- **TASK OBJECTIVE**
Look below for the line that contains "Meeting/conference room in", then copy it and each following line to the end of the records, minus any pictures.

:: INFORMATION SUPPLIED ::

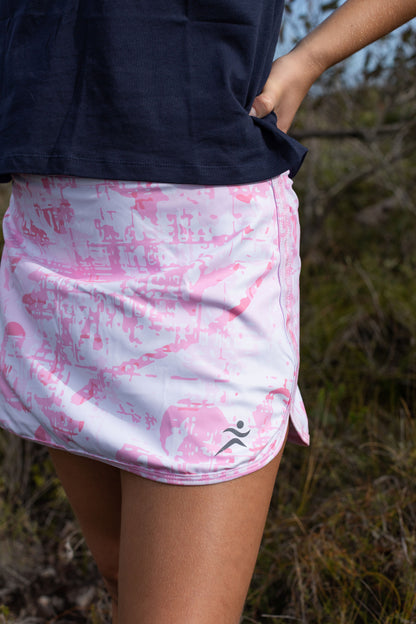 Gmaxx Skorts Julia skort is a beautiful soft pink and white print. Very Feminine. Undershorts with two pockets. Ideal for Golf, Pickleball, Tennis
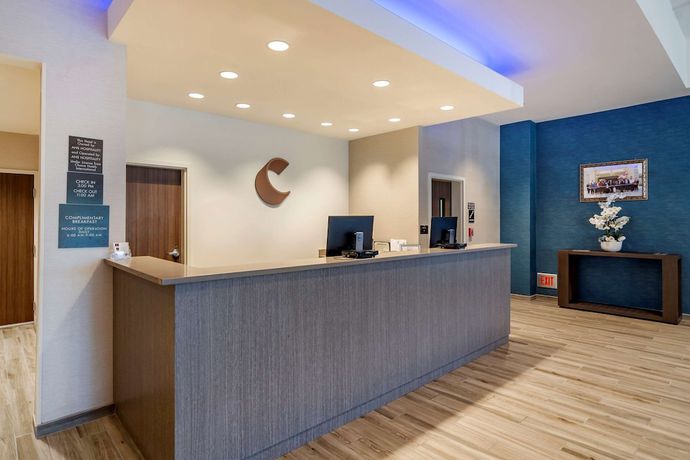 Imagen de los interiores del Hotel Comfort Suites Grandview - Kansas City. Foto 19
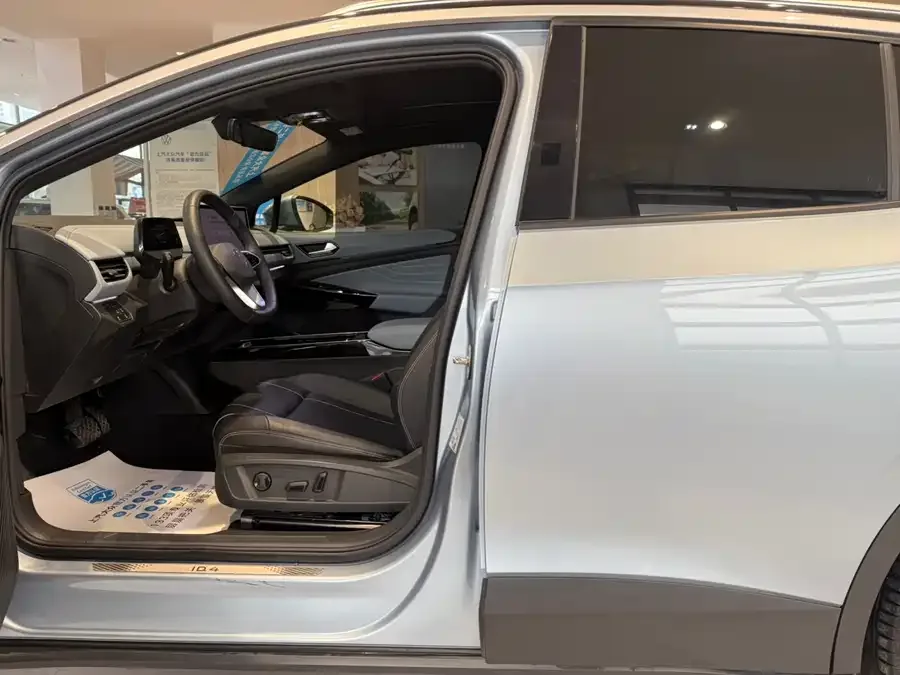 Volkswagen ID.4 X ID.4 X 2025 Smart Edition Pure Smart Edition 2024 — миниатюра 4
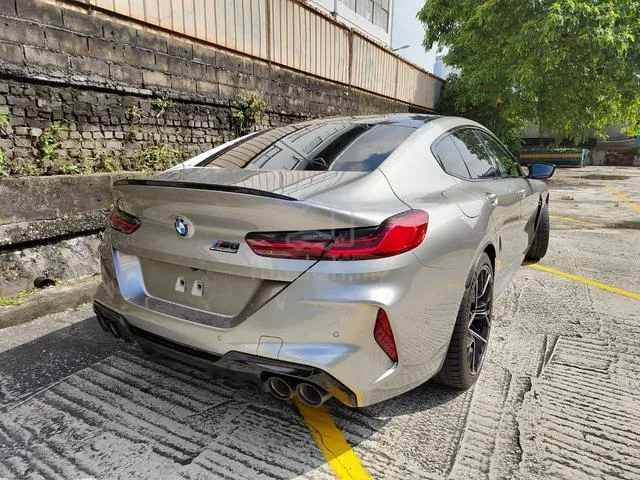 BMW M8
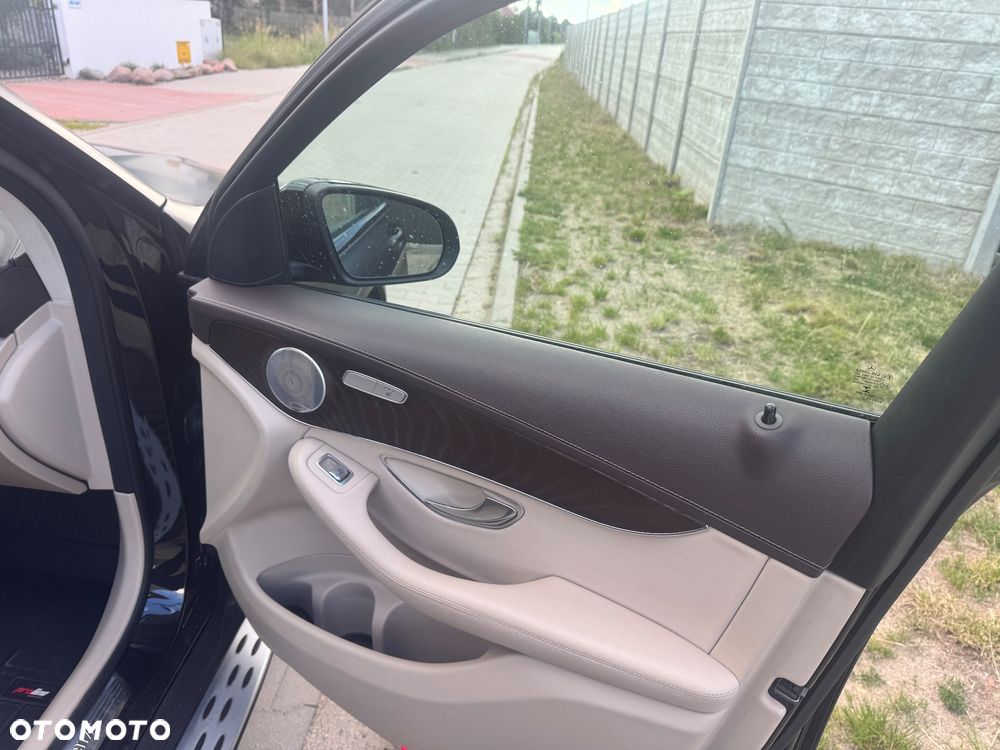 Mercedes-Benz GLC - 27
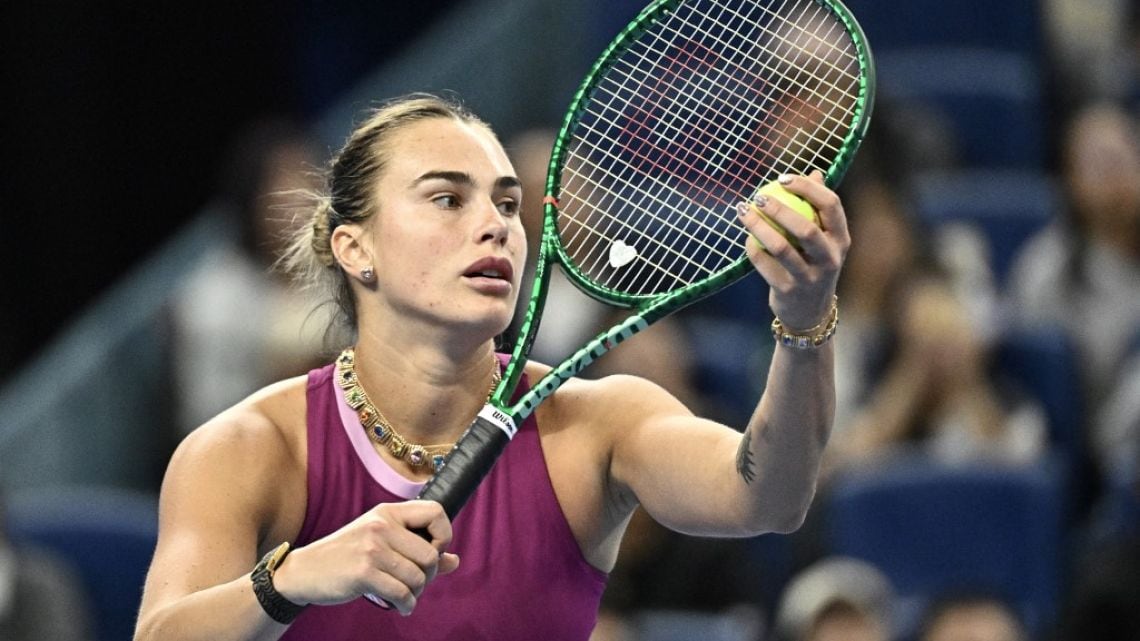 Sabalenka volvió al ruedo en China y mandó a Zarazúa a buscar el paraguas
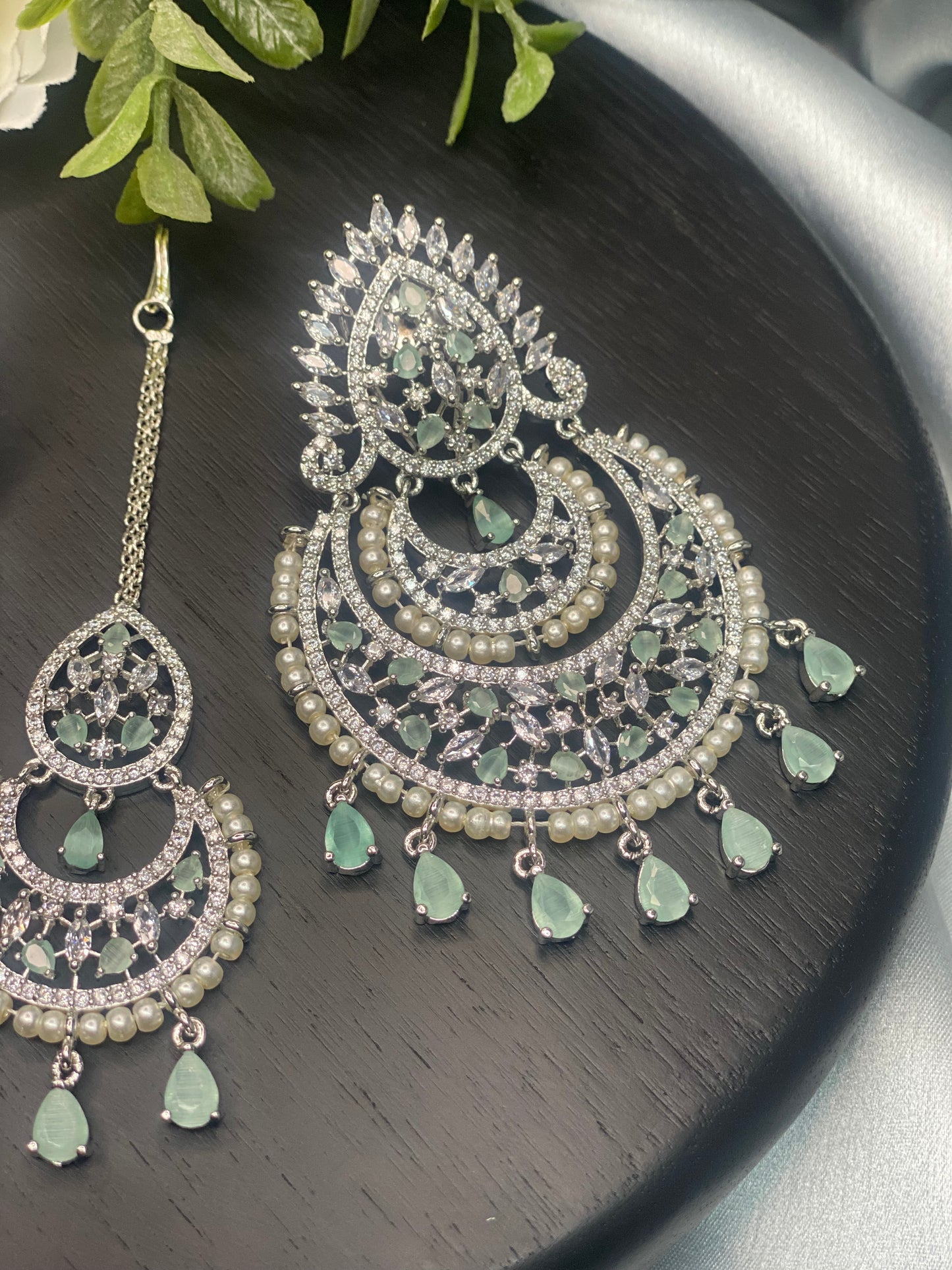 AVANI AD Earrings and Tikka set - Mint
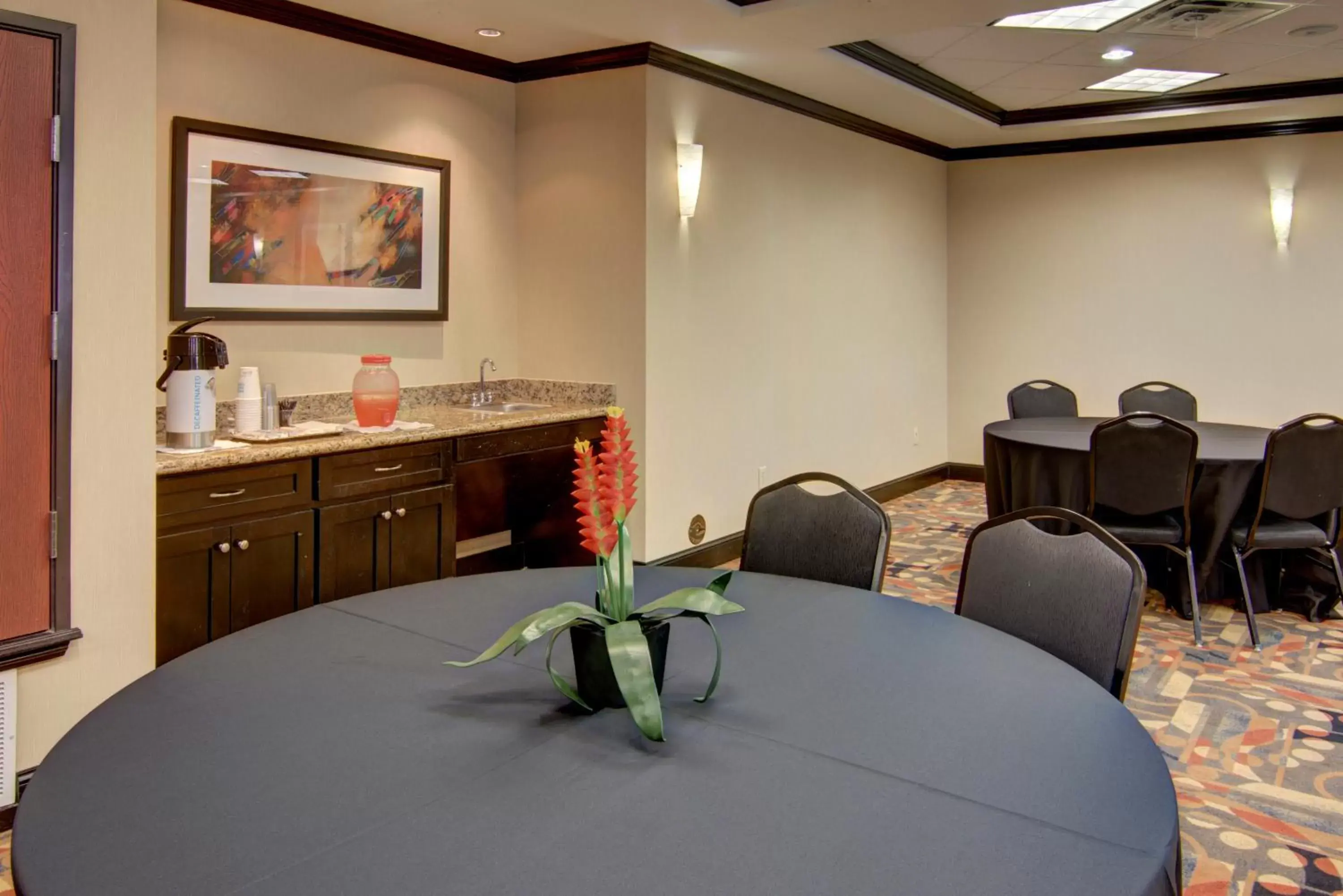 Meeting/conference room in Holiday Inn Express Hotel & Suites Paris, an IHG Hotel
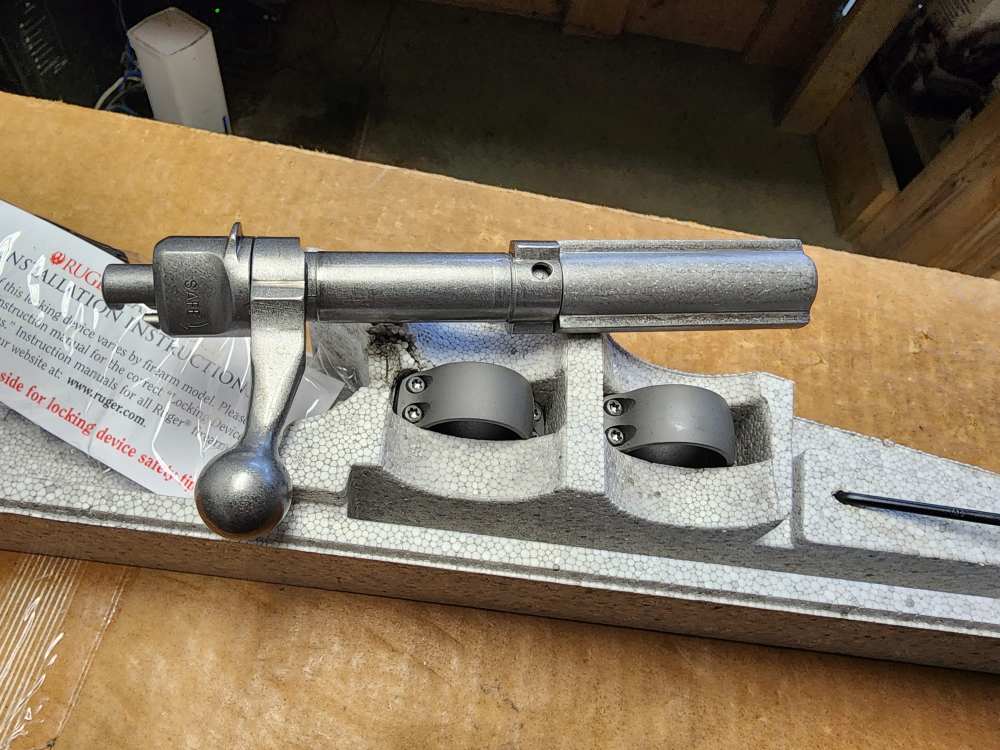 PICS! NEW RUGER M77/22 22 HORNET RIFLE 18.5 THREADED GREEN LAMINATE 77 NIB-img-2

:::

- **RESPONSE TO THIS TASK**
 Meeting/conference room in Holiday Inn Express Hotel & Suites Paris, an IHG Hotel
 PICS! NEW RUGER M77/22 22 HORNET RIFLE 18.5 THREADED GREEN LAMINATE 77 NIB-img-2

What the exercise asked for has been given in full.